3.1 ∣ Genomic sequences
We sequenced the genome of a female WWS using a whole-genome shotgun
strategy. Cleaned-up reads provided 107-fold average coverage across
88.23 Gb of assembled sequence (Supplementary Fig. 3 and Supplementary
Tables 1 and 2), with N50 values of 411.09 kb and 1.25 Mb respectively,
for contigs and scaffolds in the final assembly (generated using
SOAPdenovo4; Supplementary Figs. 4-5 and Supplementary Tables 3-5). We
identified a total of 14,020 protein-coding genes (82.7% of which were
functionally classified; Figure 1a, Supplementary Figs. 6-7 and
Supplementary Tables 6-8). The WWS assembly was further refined by using
high throughput chromosome conformation capture (Hi-C) data, comprising
9 scaffolds with scaffold N50 of 69.68Mb (Table 1). As a result, 98.16%
contigs assembly of 638.30 Mb were distributed across 9 chromosome-level
pseudomolecules (Fig. 2a, b; Table 1 and Supplementary Table 9).

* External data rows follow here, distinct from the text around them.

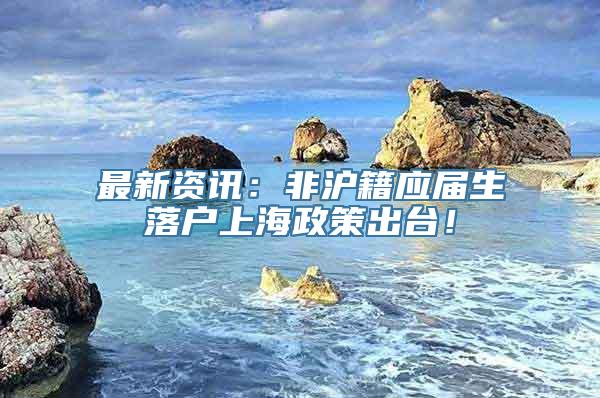 最新资讯：非沪籍应届生落户上海政策出台！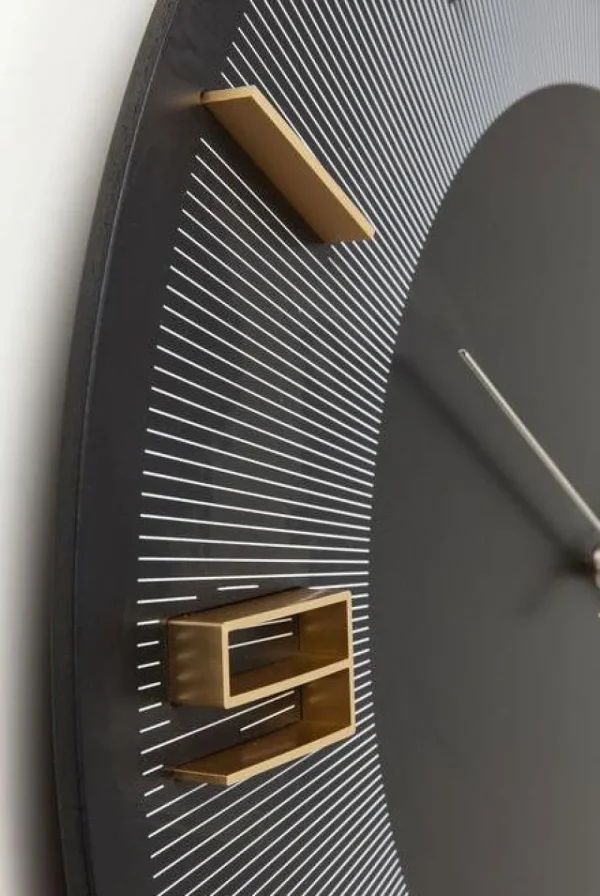 KARE Design Wandklok Leonardo Zwart-Goud 50cm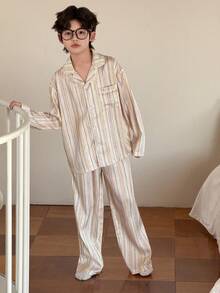 DAZY Tween Boy Colorblock Striped Print Lapel Collar Long Sleeve Shirt And Pants Pajama Set, Spring/Autumn - Multicolor - View 5
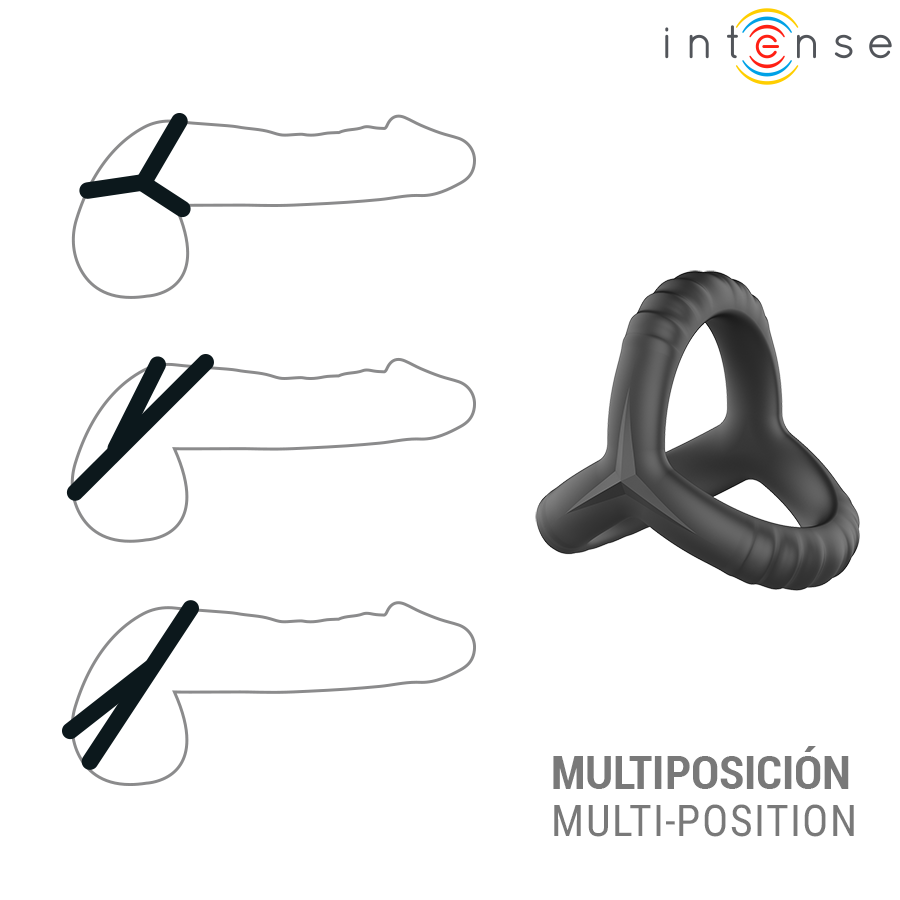 Cockring Triple Anneau Ajustable John Modèle 4 Souple - Intense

When we compared WWS with other insect species, we found 4615 gene
families in common and 497 gene families unique to WWS (Figure 1a).
Using these protein-coding genes, we generated a timescale for insect
evolution (Figure 1b). Comparative analyses were carried out on gene
clusters among WWS and other representative insect species along with
theDaphnia
pulex (water flea, a crustacean) as a non-insect outgroup (Figure 1b,
Supplementary Table 10). A total of 24,923 gene families were identified
among these species with 553 clusters as common singlets (Supplementary
Fig. 7). Mobile elements comprised about 37.3% repeat content of the
WWS genome and the percent of long terminal repeats (LTR) was 28.5%,
much higher than other transposons (DNA, LINE and SINE) (Supplementary
Fig. 8 and Supplementary Tables 11-12). In addition, we identified
noncoding RNA (ncRNA) genes, including 357 miRNA, 188 tRNA, 42 rRNA, and
46 snRNA genes (Supplementary Table 13).